__WORK TASK__. Reproduce word for word every line from the one containing "Qgat Restaurant Events" to the final line of the data below; omit the pictures.

__THE DATA__.
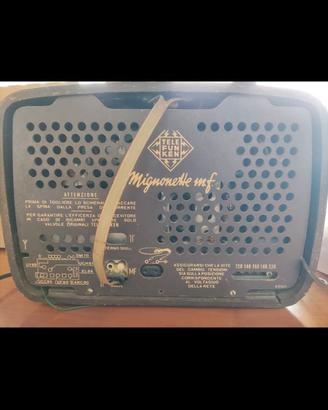 Radio d'epoca Telefunken Mignonette MF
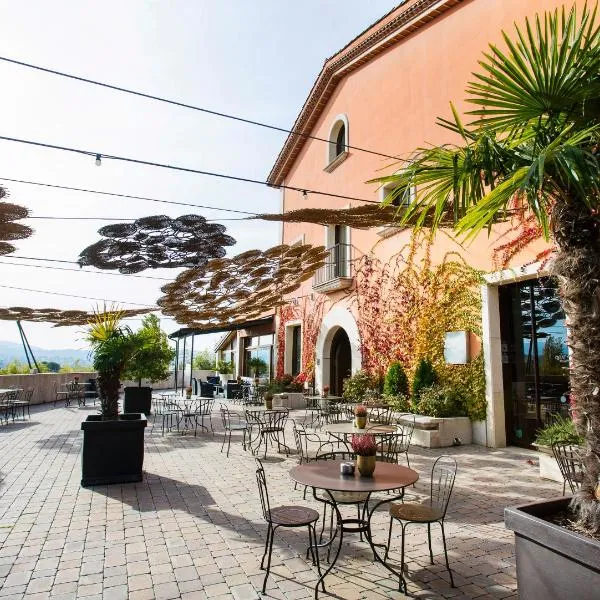 Qgat Restaurant Events & Hotel, hotel in Bellaterra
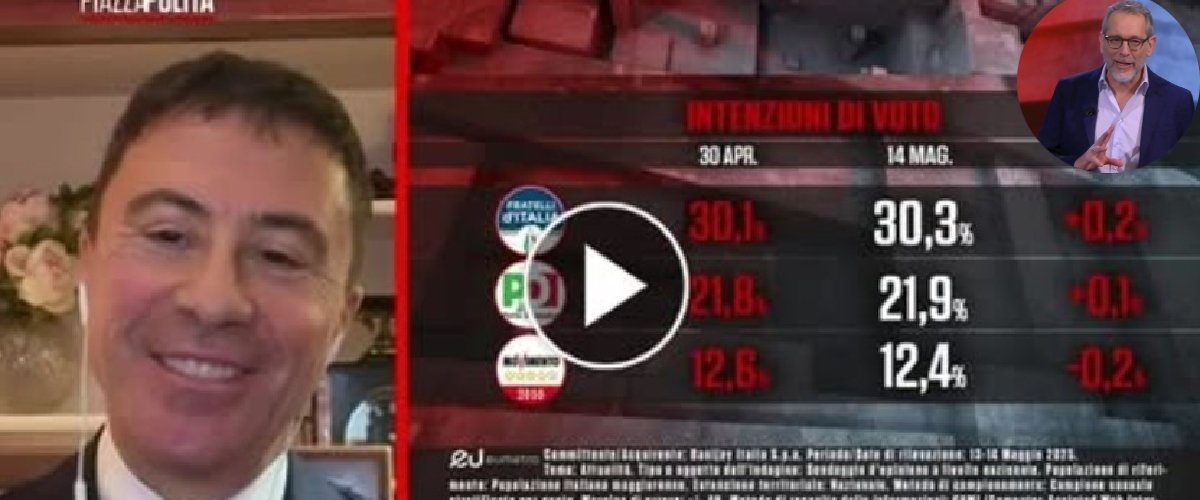 sondaggio mannheimer trionfo per meloni bocchino infilza formigli con una battuta micidiale video da Secoloditalia.it sondaggio mannheimer trionfo per meloni bocchino infilza formigli con una battuta micidiale video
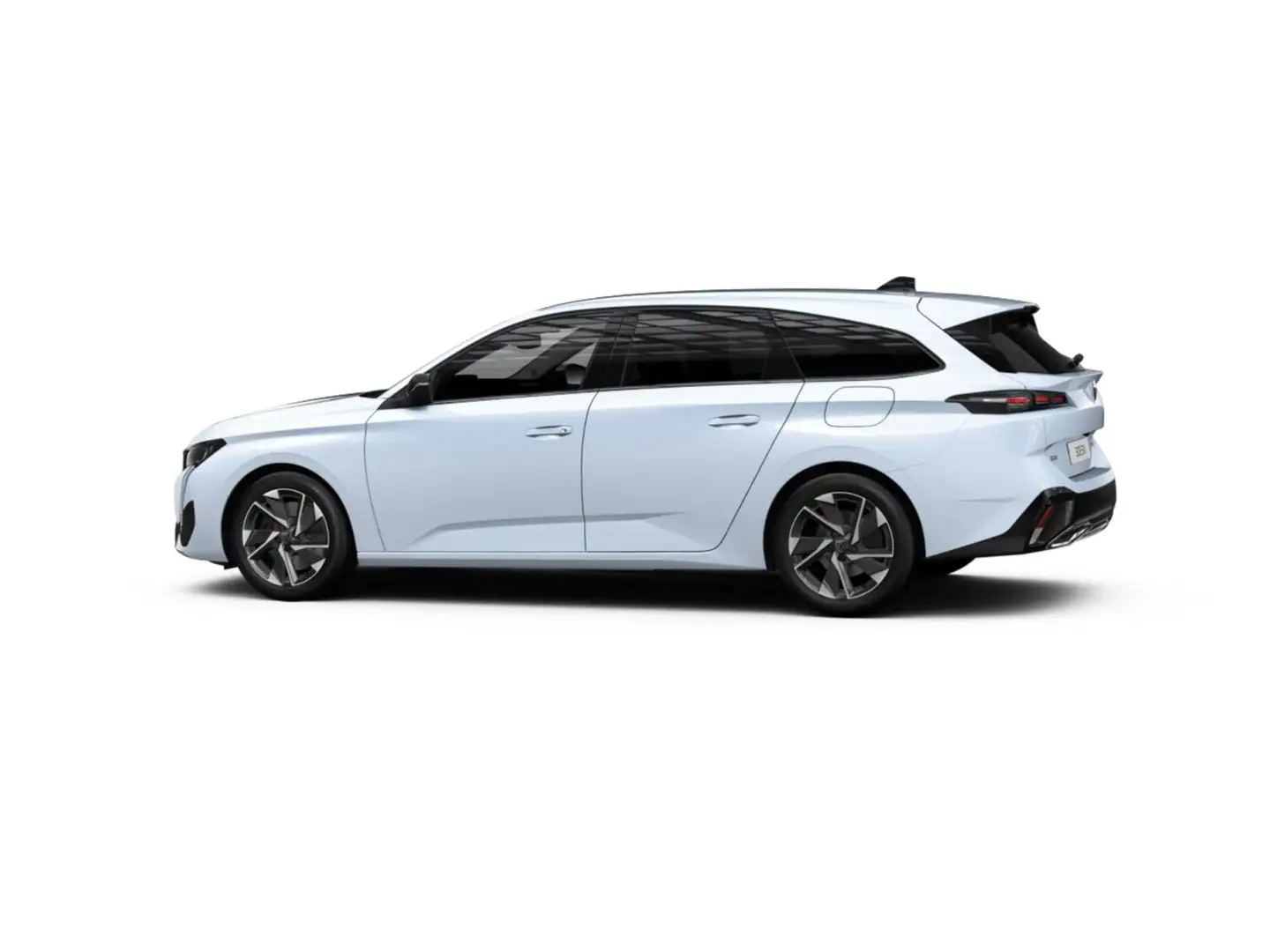 Peugeot 308 Allure | 17" lichtmetalen velgen 'HALONG' | Achter Wit - 2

__WRITTEN RESPONSE__.
 Qgat Restaurant Events & Hotel, hotel in Bellaterra
 sondaggio mannheimer trionfo per meloni bocchino infilza formigli con una battuta micidiale video da Secoloditalia.it sondaggio mannheimer trionfo per meloni bocchino infilza formigli con una battuta micidiale video
 Peugeot 308 Allure | 17" lichtmetalen velgen 'HALONG' | Achter Wit - 2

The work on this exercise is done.